Abstract

Purpose – The purpose of this research is to determine whether the type of tax services provided by a public accounting firm to its audit client and the consequence severity of an audit failure impact jurors' assessment of audit quality and auditor liability. Design/methodology/approach – The authors administer a court case to 168 jurors manipulating three levels of tax services provided to an audit client (none, tax preparation, and aggressive tax planning services); two levels of consequence severity of the alleged audit failure, observing the impact on jurors' assessment of audit quality, auditor responsibility for audit failure; and damages awarded the plaintiff.
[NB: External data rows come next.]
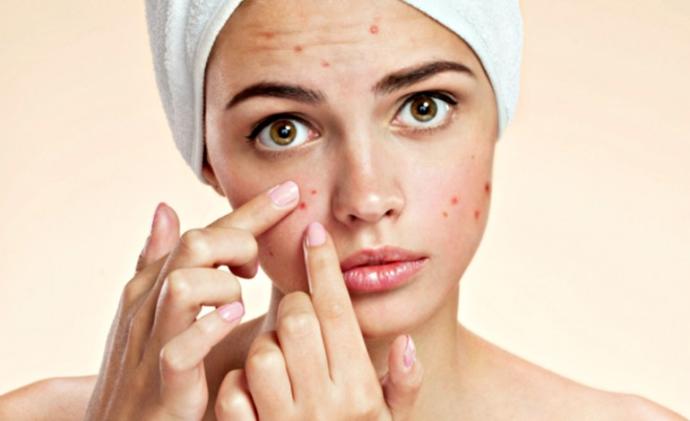 Would you date someone with acne?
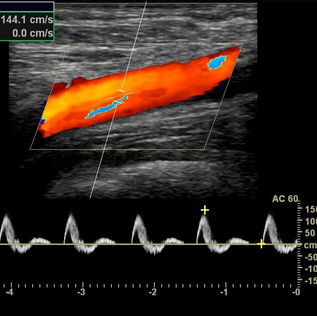 Vascular Doppler Ultrasound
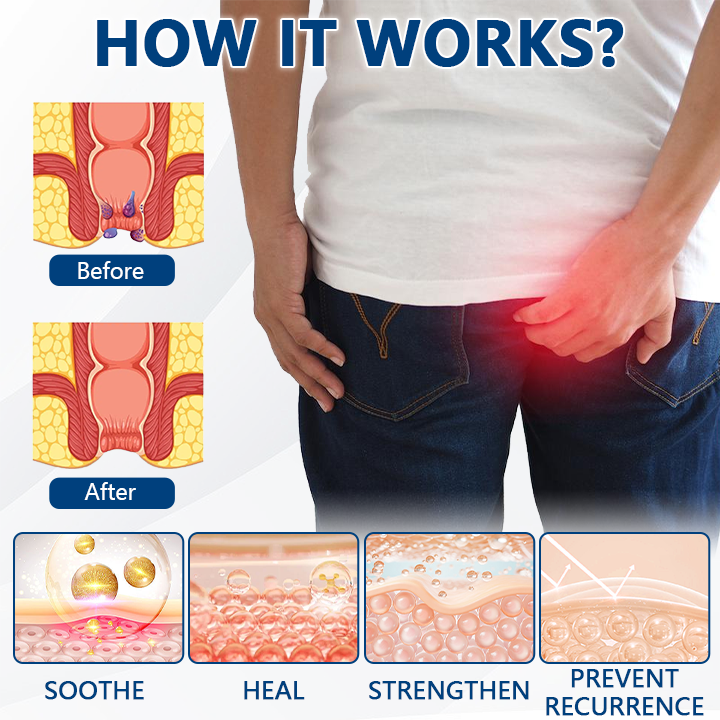 Timilk® HemoRelief Herbal Spray (A)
Findings – Consistent with recent US regulations, jurors perceive the quality of the audit to be lower when auditors provide aggressive tax planning services, but not for tax preparation services. Damages are greater when auditors provide aggressive tax planning services across both levels of consequence severity. Research limitations/implications – The results indicate that the type of tax services provided may impact jurors' views of audit quality and damage assessments against auditors. The questionnaire uses previously validated measures, but the results may not be generalizable to jurors in all jurisdictions. Practical implications – Though empirical evidence is mixed at best about the impact of auditors providing non-audit services on auditor independence in fact, auditor independence in appearance, and thus audit quality, such impacts may affect the way jurors perceive the situation. Originality/value – The study directly tests the implications for auditor liability of new restrictions on tax services and more accurately measures the impact of consequence severity, using actual jurors.